(Beginning of DATA FOR THIS EXERCISE)

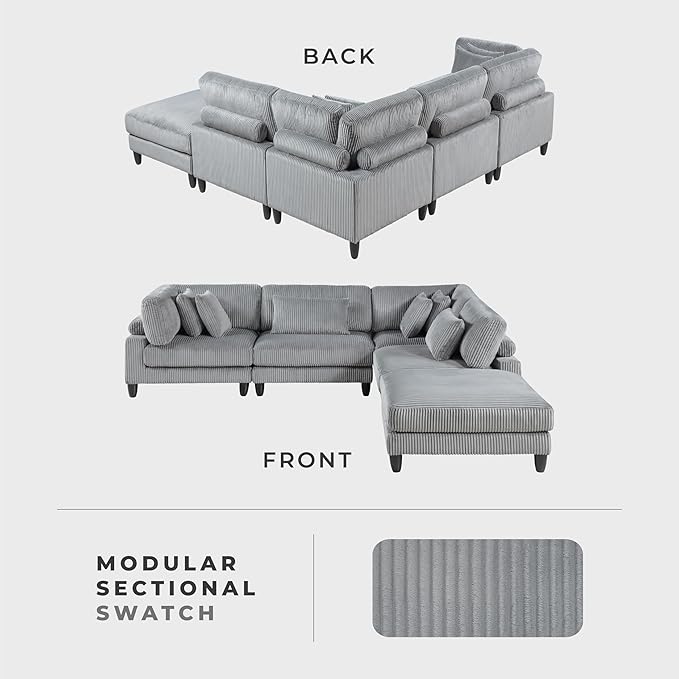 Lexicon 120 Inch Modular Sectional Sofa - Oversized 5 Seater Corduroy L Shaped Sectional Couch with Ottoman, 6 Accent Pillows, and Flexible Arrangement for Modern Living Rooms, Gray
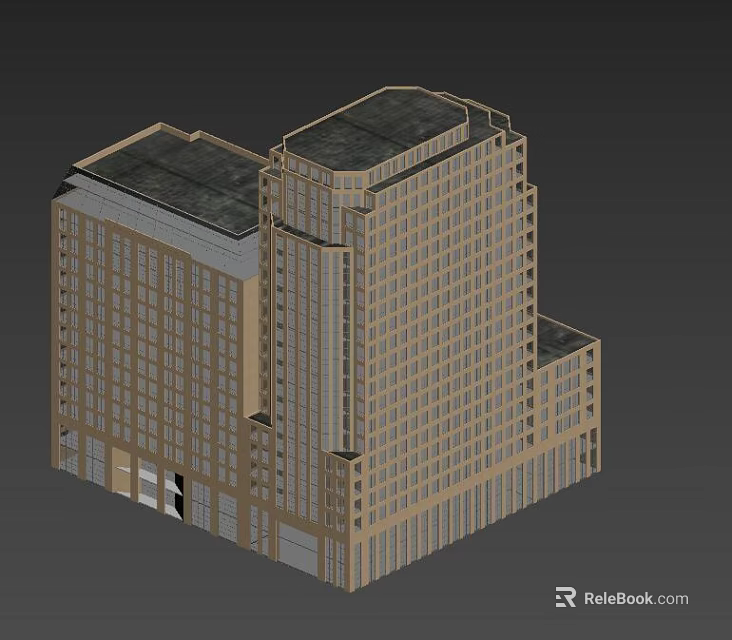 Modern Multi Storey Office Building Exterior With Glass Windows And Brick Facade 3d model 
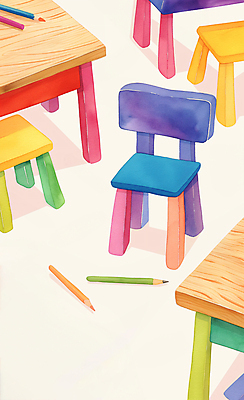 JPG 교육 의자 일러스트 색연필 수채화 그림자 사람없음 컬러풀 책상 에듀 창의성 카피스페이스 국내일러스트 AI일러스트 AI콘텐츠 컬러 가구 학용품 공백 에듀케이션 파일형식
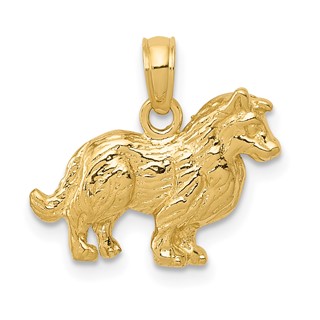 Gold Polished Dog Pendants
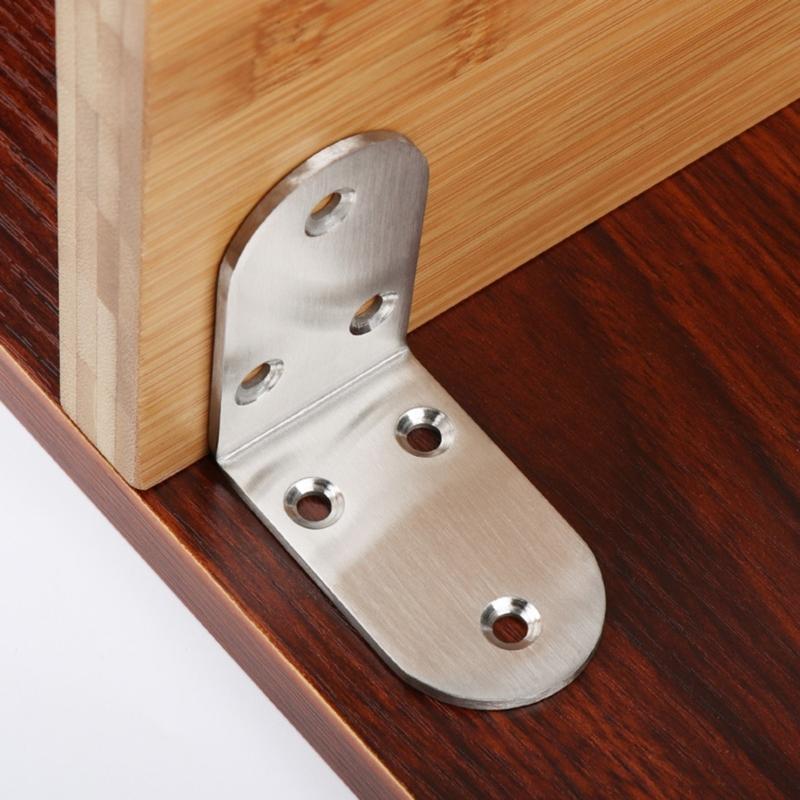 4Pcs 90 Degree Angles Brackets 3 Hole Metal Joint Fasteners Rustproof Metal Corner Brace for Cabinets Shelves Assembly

(End of DATA FOR THIS EXERCISE)

* _YOUR TASK_
A verbatim copy of all the records, minus the pictures, is the expected answer.

* _ANSWER SECTION_
 Lexicon 120 Inch Modular Sectional Sofa - Oversized 5 Seater Corduroy L Shaped Sectional Couch with Ottoman, 6 Accent Pillows, and Flexible Arrangement for Modern Living Rooms, Gray
 Modern Multi Storey Office Building Exterior With Glass Windows And Brick Facade 3d model 
 JPG 교육 의자 일러스트 색연필 수채화 그림자 사람없음 컬러풀 책상 에듀 창의성 카피스페이스 국내일러스트 AI일러스트 AI콘텐츠 컬러 가구 학용품 공백 에듀케이션 파일형식
 Gold Polished Dog Pendants
 4Pcs 90 Degree Angles Brackets 3 Hole Metal Joint Fasteners Rustproof Metal Corner Brace for Cabinets Shelves Assembly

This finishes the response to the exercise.